Back again! The hobby that I do five days a week, 9 to 5, in that London is threatening to encroach on my screenwriting career once again.
If you want to know what my day job is like - you'd have to be pretty bored, but still - then read Phillip Barron's description of the perfect day job for a writer here: no computers, no long commute, don't take the work home - all that. Excellent advice. Now imagine the exact opposite of all that. That's what my
day job is like.
Of course, like many other writers now and through history, I need the money. When I used to work at Lloyds Bank years ago, I comforted myself that T S Eliot had done the same. But unlike him, I wasn't going to have Ezra Pound begging patrons to save me from my workaday strife, so my only option was to learn to like it.
And I find that the more I do like my day job, the better and more successful the writing is alongside. When I've been in dead end situations, I've generally reached a dead end with the writing too.
And whoever said "the pram in the hallway is the enemy of art" was wrong in my case too.

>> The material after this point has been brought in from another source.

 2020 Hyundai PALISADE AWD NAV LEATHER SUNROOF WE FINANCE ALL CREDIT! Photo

Actually, it was Cyril Connolly. And I want to tell him, because it seems so obvious: try the garage or the porch if the hallway offends you, dummy.
No, having a child has also done nothing but inspire me to do better work. I recommend it fully: go procreate, it'll make your screenwriting better. See, you wouldn't get advice of that calibre at a Robert Mckee seminar.

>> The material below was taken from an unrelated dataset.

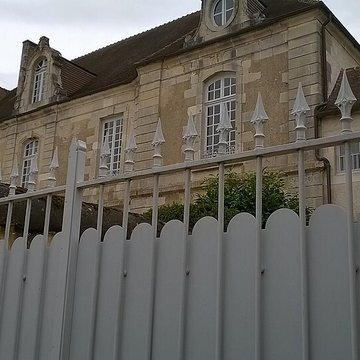 hotel de moussac a montmorillon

Which is probably a good thing.
Where to Find Me at MCM
3 weeks ago
3 comments:
May I say, sir, that I'm delighted you're attending the Screenwriters' Festival?
Can I, sir?
Can I?
Right, then.
I'm delighted you're attending the Screenwriters' Festival.
Thank you for the title of that post - I know which tune will be playing round my head for the rest of the day.
"A-singing..."
J
John, kudos on getting the Half a Bee reference.
Jason - well, I'm delighted you're attending the festival. It's going to be one big carousel of enjoyment!